The Commerce Department on Friday raised its estimate of growth in gross domestic product to a 4.6 percent annual rate from the 4.2 percent pace reported last month. The best performance since the fourth quarter of 2011 reflected a faster pace of business spending and sturdier export growth than previously estimated.
The United States economy’s bounce-back last quarter from a dismal winter was even faster than previously thought, a sign that growth will likely remain solid for the rest of the year. It grew at its fastest pace in 2-1/2 years in the second quarter with all sectors contributing to the jump in output in a bullish signal for the remainder of the year.
Chris Williamson, chief economist at Markit, said: “The impressive gain in the second quarter looks to be far more than just a weather-related upturn, with evidence pointing to an underlying buoyant pace of economic expansion. Survey data in particular indicate that strong growth has persisted throughout the third quarter.”
He said the strong data would further fuel expectations that the US Federal Reserve might start to raise interest rates sooner than mid-2015, but added it was unlikely at the moment.
The stronger growth estimate was largely due to brisker business investment. Such spending rose 9.7%, up from the 8.4% previously believed as companies built more factories and purchased more equipment.

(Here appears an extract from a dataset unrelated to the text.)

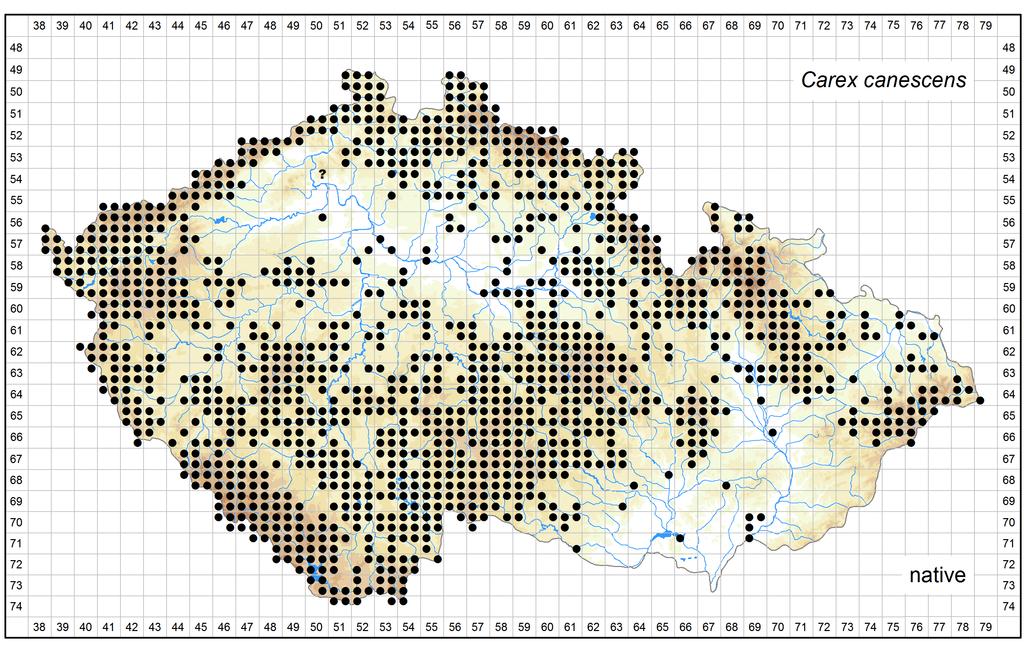 Distribution of Carex canescens in the Czech Republic Author of the map: Vít Grulich, Radomír Řepka Map produced on: 06-02-2017 Database records used for producing the distribution map of Carex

Companies flush with cash are growing more confident about spending it after a two-year budget bill rates by Congress early this year temporarily resolved long-standing partisan battles and repeated threats of a government shutdown. Corporate profits are also healthy, rising 8.4% in the second quarter, the most since the third quarter of 2010. Profits fell 9.4% in the first quarter.

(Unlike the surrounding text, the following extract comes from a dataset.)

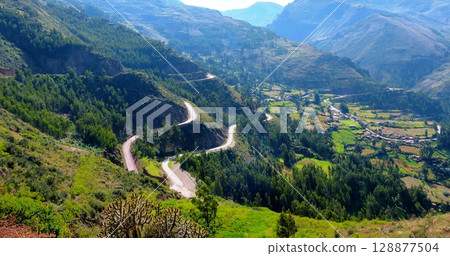 Twisted road to Sacred Valley of Incas in Peru 128877504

Also, exports surged 11.1% vs. the previous 10.1% estimate. “International trade will be driving much of the quarter-to-quarter volatility through at least 2015, with declining growth in exports and stronger growth in imports,” said Doug Handler, chief US economist at IHS Global Insight. “This is due to a strong US economy and the recent and expected additional appreciation in the dollar.”
Consumer spending, which accounts for more than two-thirds of U.S. economic activity, was unrevised as stronger healthcare outlays were offset by weaknesses in recreation and durable goods spending. However, U.S. consumer sentiment rose to a 14-month high in September as American’s outlook for the overall economy improved, with the final reading of the consumer sentiment index in September edging up to 84.6 from 82.5 in August, according to the monthly Thomson Reuters/University of Michigan survey of consumers.

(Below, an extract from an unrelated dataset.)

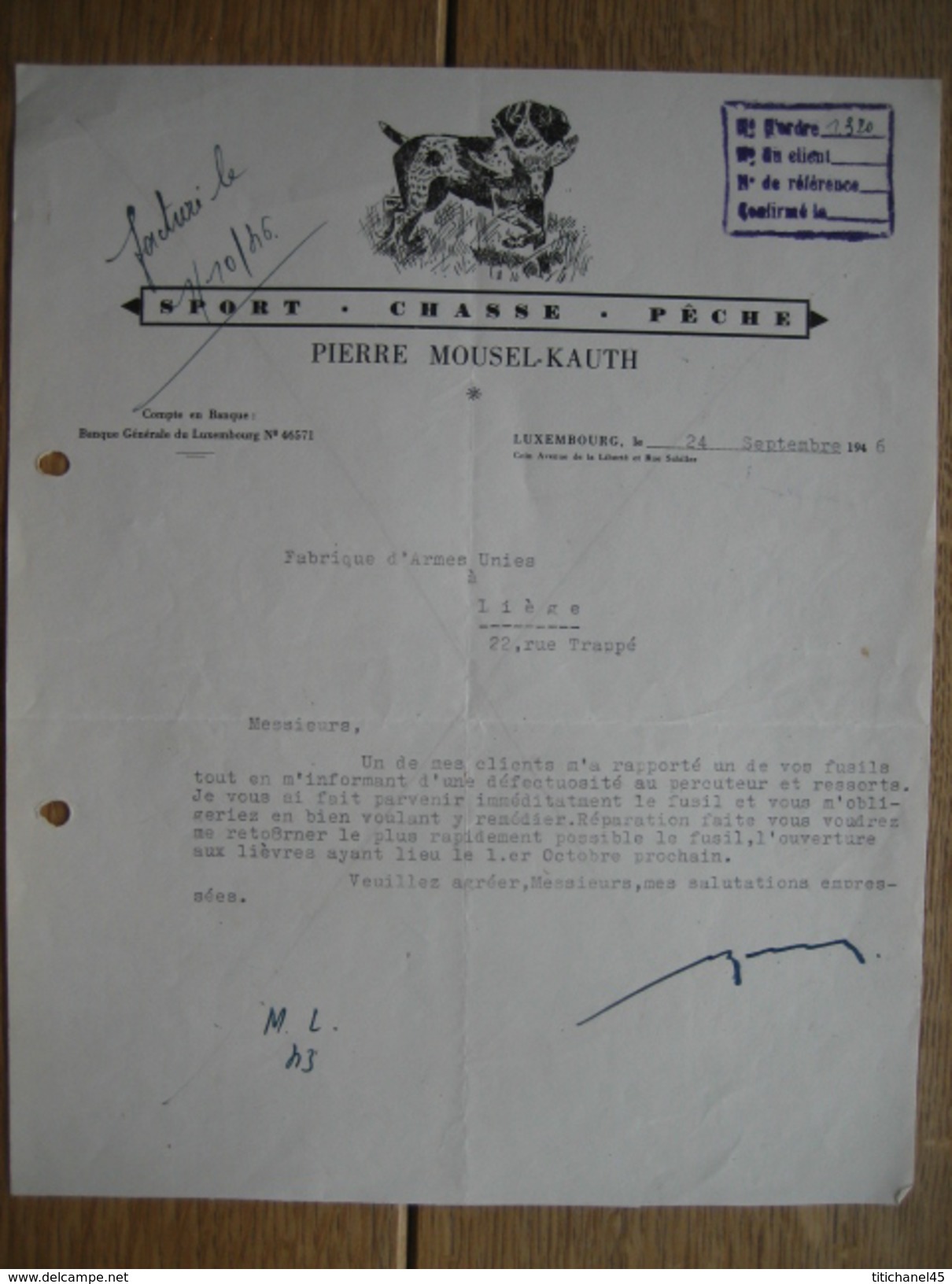 LUXEMBOURG 1946 - PIERRE MOUSEL-KAUTH - Sport - Chasse - Pêche - Luxembourg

“Consumer confidence posted a healthy September gain due to more favorable prospects for the domestic economy as well as more favorable personal income expectations,” the survey’s director Richard Curtin said in a statement.
Unemployment is a key concern for the Fed. Although the jobless rate has dropped to 6.1 percent and job creation has picked up, a large number of people are out of the job market or underemployed, and wages have remain relatively flat since the severe recession ended in mid-2009.
The report signaled the economy entered the third quarter with solid momentum, although recent indicators have shown some activity cooling, particularly in the housing market.